* **ABOUT THIS TASK**
Using the data below, output a verbatim copy of the lines between the one holding "Maison à DOUE-LA-FONTAINE" and the one holding "Фото 19 - Volkswagen Passat", inclusive, without any pictures.

[Opening EXTRACTED RECORDS section]

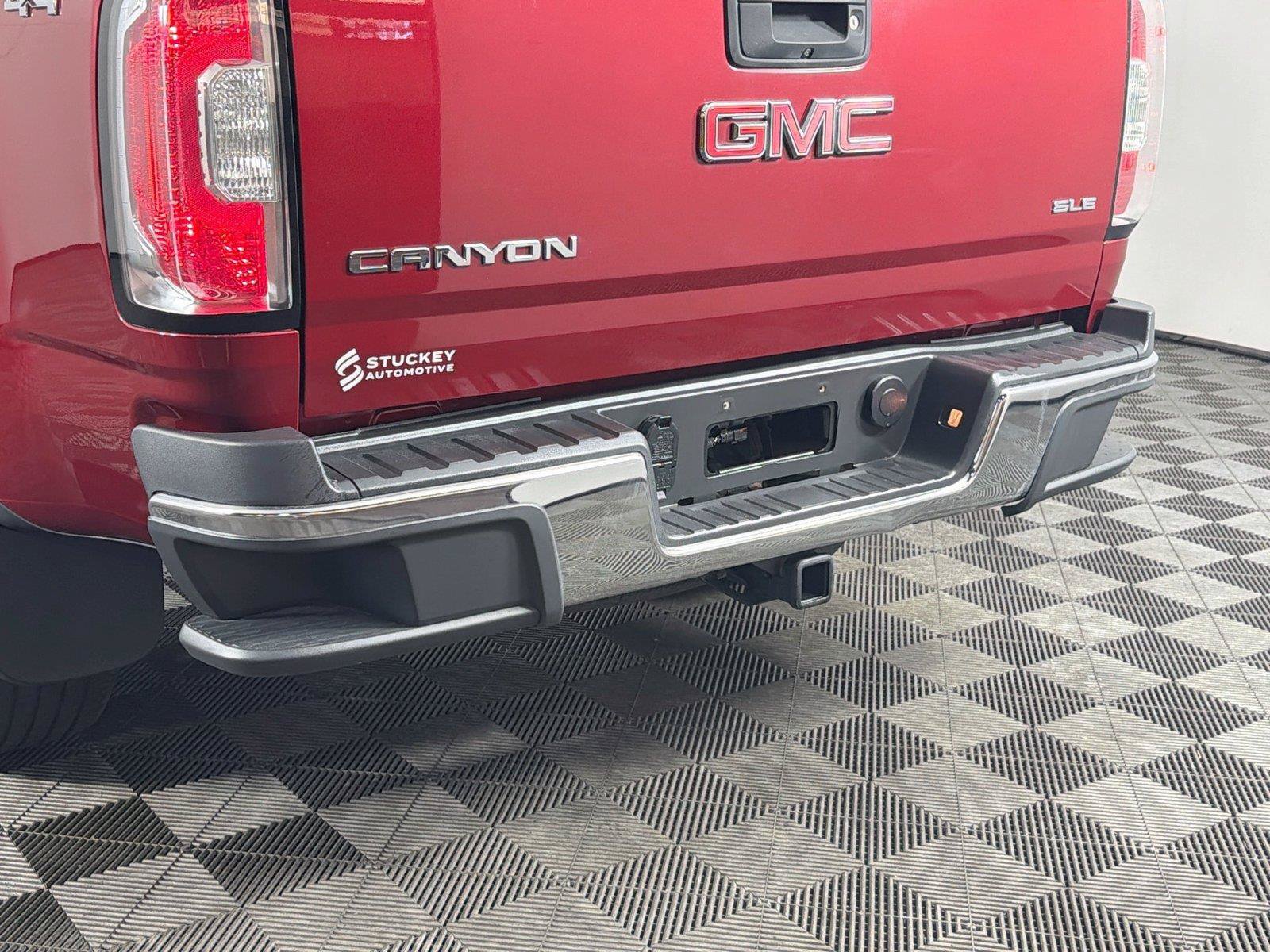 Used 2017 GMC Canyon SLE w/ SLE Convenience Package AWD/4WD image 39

[Closing EXTRACTED RECORDS section]
[Opening EXTRACTED RECORDS section]

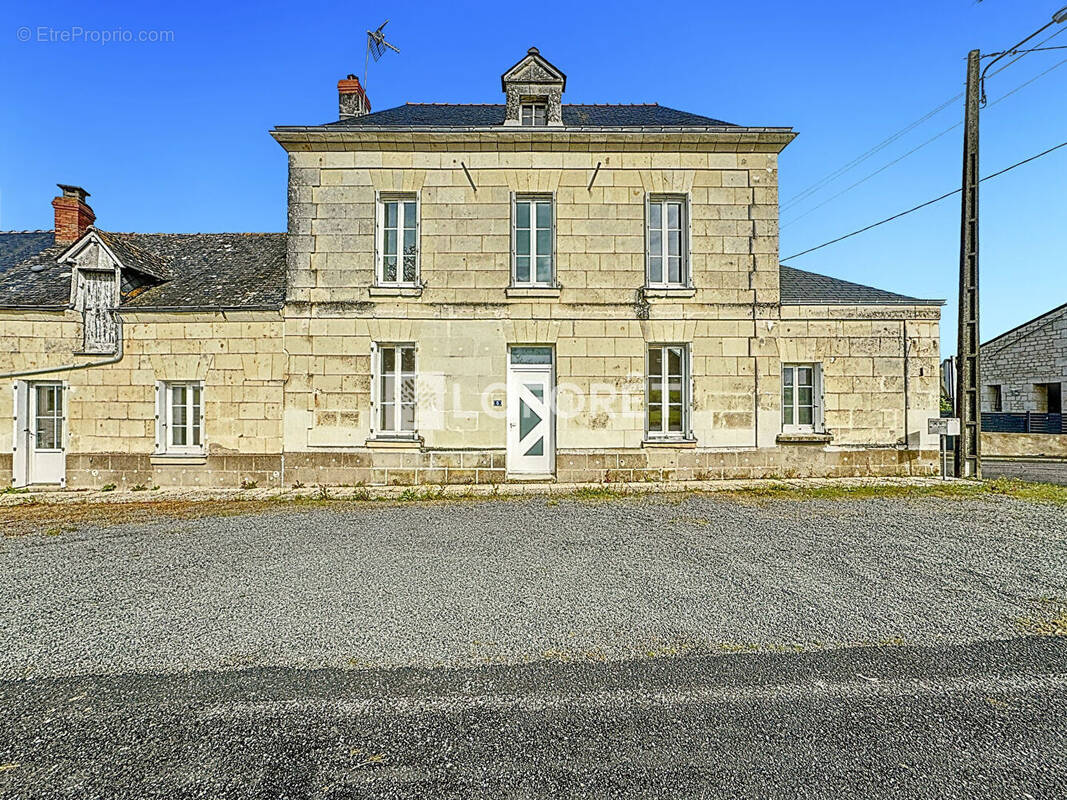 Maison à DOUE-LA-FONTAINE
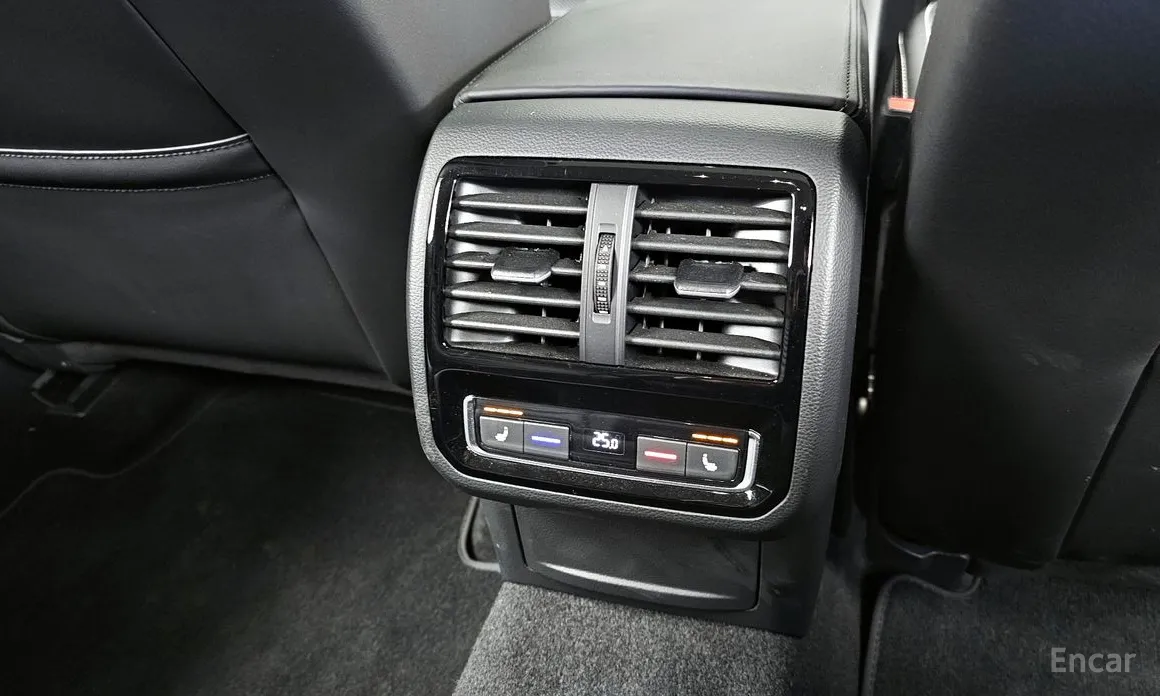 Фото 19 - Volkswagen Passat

[Closing EXTRACTED RECORDS section]

* **ANSWER SPACE**
 Maison à DOUE-LA-FONTAINE
 Фото 19 - Volkswagen Passat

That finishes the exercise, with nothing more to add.